====== Given data

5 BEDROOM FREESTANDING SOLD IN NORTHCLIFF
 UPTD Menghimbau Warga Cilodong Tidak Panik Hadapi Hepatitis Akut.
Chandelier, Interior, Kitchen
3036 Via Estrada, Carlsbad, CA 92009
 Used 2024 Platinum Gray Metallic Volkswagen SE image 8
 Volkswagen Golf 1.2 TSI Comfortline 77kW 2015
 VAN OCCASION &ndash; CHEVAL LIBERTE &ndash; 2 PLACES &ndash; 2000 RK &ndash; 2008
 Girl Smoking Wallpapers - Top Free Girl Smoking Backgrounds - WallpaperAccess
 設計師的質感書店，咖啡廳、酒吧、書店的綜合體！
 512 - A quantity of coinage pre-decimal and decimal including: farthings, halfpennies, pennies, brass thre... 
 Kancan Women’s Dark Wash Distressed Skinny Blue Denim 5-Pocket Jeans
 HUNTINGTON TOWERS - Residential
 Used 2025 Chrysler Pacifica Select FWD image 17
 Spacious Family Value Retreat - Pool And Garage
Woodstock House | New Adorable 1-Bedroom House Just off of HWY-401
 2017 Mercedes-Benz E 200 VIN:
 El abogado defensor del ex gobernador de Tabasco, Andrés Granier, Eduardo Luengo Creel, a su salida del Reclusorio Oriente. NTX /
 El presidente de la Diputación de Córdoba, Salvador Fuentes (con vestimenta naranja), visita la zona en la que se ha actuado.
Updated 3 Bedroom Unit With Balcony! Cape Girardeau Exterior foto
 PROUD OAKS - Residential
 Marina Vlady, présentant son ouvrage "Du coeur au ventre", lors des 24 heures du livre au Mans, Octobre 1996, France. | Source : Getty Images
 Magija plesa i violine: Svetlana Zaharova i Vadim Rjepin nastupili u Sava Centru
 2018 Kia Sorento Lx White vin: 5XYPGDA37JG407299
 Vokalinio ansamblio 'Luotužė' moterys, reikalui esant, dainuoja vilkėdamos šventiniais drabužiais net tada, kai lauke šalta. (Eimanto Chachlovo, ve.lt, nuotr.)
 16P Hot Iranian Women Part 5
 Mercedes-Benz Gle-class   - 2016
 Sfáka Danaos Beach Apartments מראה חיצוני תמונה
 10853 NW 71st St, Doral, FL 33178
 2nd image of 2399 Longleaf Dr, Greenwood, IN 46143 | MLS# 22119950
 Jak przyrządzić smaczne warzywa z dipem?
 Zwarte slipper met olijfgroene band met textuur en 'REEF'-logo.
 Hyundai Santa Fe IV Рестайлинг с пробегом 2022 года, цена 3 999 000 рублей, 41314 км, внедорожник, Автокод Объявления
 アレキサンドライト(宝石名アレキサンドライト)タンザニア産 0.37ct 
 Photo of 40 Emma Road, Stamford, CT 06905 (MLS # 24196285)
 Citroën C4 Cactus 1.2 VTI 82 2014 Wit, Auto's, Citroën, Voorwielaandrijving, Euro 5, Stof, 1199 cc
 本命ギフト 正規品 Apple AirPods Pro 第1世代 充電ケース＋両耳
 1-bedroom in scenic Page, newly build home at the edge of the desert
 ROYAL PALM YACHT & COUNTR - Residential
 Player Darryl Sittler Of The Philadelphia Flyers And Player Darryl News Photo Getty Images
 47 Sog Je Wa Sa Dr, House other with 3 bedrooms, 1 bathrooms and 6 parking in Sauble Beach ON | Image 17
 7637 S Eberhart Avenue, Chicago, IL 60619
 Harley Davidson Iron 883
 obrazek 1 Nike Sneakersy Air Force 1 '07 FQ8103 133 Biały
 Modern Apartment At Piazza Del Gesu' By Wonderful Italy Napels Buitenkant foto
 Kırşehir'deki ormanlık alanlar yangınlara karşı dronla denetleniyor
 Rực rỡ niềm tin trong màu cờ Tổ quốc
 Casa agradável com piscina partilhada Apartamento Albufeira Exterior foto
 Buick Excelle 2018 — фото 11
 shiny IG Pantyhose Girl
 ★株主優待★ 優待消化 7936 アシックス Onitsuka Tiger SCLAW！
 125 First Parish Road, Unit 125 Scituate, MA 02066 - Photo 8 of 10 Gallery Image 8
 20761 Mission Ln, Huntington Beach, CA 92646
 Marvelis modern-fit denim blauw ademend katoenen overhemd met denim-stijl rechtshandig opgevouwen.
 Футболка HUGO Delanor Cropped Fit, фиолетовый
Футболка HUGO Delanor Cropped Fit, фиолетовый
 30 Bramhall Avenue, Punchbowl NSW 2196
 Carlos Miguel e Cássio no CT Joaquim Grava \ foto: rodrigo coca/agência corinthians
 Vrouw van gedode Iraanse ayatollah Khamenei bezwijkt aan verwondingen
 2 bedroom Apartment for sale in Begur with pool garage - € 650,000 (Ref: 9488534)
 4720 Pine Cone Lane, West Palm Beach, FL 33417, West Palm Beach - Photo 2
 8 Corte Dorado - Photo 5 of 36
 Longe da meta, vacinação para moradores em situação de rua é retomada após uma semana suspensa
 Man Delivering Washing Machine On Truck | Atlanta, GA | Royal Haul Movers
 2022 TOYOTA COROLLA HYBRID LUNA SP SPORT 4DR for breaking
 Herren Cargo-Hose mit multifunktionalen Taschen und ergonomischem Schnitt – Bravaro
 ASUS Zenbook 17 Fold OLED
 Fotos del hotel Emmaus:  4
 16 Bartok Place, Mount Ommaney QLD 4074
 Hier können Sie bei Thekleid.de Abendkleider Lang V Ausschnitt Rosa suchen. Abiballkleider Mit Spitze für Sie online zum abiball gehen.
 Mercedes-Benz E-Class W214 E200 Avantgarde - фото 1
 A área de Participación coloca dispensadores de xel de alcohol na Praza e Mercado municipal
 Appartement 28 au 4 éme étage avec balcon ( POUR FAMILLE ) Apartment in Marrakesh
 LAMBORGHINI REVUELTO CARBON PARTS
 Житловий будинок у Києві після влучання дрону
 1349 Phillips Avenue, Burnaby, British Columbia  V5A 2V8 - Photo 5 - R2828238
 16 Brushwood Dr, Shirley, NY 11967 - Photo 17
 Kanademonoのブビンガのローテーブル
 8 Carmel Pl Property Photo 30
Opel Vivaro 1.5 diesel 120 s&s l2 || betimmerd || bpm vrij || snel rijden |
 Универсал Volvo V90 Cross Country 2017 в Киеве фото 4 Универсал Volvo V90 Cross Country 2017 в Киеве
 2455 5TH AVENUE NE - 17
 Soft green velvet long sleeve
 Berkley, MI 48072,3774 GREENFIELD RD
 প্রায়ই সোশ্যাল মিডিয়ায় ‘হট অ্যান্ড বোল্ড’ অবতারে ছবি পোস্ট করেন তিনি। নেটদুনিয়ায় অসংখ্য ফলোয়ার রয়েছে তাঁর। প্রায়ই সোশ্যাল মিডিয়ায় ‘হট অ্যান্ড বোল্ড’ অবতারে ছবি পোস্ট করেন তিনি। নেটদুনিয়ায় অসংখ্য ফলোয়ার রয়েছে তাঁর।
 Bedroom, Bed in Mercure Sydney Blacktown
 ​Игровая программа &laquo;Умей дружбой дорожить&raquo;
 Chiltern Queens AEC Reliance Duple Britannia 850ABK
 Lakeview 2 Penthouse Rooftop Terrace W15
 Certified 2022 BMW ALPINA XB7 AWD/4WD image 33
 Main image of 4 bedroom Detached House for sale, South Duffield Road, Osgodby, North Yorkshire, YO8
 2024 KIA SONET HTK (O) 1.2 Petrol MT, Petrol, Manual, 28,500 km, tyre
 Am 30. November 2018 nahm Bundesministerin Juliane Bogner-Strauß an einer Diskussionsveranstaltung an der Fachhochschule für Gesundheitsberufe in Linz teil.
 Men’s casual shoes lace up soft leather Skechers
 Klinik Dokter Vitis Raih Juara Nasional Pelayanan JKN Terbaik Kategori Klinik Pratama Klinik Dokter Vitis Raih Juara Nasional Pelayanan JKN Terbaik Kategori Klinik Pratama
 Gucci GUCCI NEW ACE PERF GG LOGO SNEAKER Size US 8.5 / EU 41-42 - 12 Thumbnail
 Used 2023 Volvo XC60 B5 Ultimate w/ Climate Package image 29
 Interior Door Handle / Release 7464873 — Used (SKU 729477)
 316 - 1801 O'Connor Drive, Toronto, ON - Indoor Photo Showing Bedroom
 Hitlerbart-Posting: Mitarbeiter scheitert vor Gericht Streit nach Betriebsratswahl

============

Copy, please, every line from the start of the entries down to the line that holds "PROUD OAKS - Residential", with both of those lines included and no others.

5 BEDROOM FREESTANDING SOLD IN NORTHCLIFF
 UPTD Menghimbau Warga Cilodong Tidak Panik Hadapi Hepatitis Akut.
Chandelier, Interior, Kitchen
3036 Via Estrada, Carlsbad, CA 92009
 Used 2024 Platinum Gray Metallic Volkswagen SE image 8
 Volkswagen Golf 1.2 TSI Comfortline 77kW 2015
 VAN OCCASION &ndash; CHEVAL LIBERTE &ndash; 2 PLACES &ndash; 2000 RK &ndash; 2008
 Girl Smoking Wallpapers - Top Free Girl Smoking Backgrounds - WallpaperAccess
 設計師的質感書店，咖啡廳、酒吧、書店的綜合體！
 512 - A quantity of coinage pre-decimal and decimal including: farthings, halfpennies, pennies, brass thre... 
 Kancan Women’s Dark Wash Distressed Skinny Blue Denim 5-Pocket Jeans
 HUNTINGTON TOWERS - Residential
 Used 2025 Chrysler Pacifica Select FWD image 17
 Spacious Family Value Retreat - Pool And Garage
Woodstock House | New Adorable 1-Bedroom House Just off of HWY-401
 2017 Mercedes-Benz E 200 VIN:
 El abogado defensor del ex gobernador de Tabasco, Andrés Granier, Eduardo Luengo Creel, a su salida del Reclusorio Oriente. NTX /
 El presidente de la Diputación de Córdoba, Salvador Fuentes (con vestimenta naranja), visita la zona en la que se ha actuado.
Updated 3 Bedroom Unit With Balcony! Cape Girardeau Exterior foto
 PROUD OAKS - Residential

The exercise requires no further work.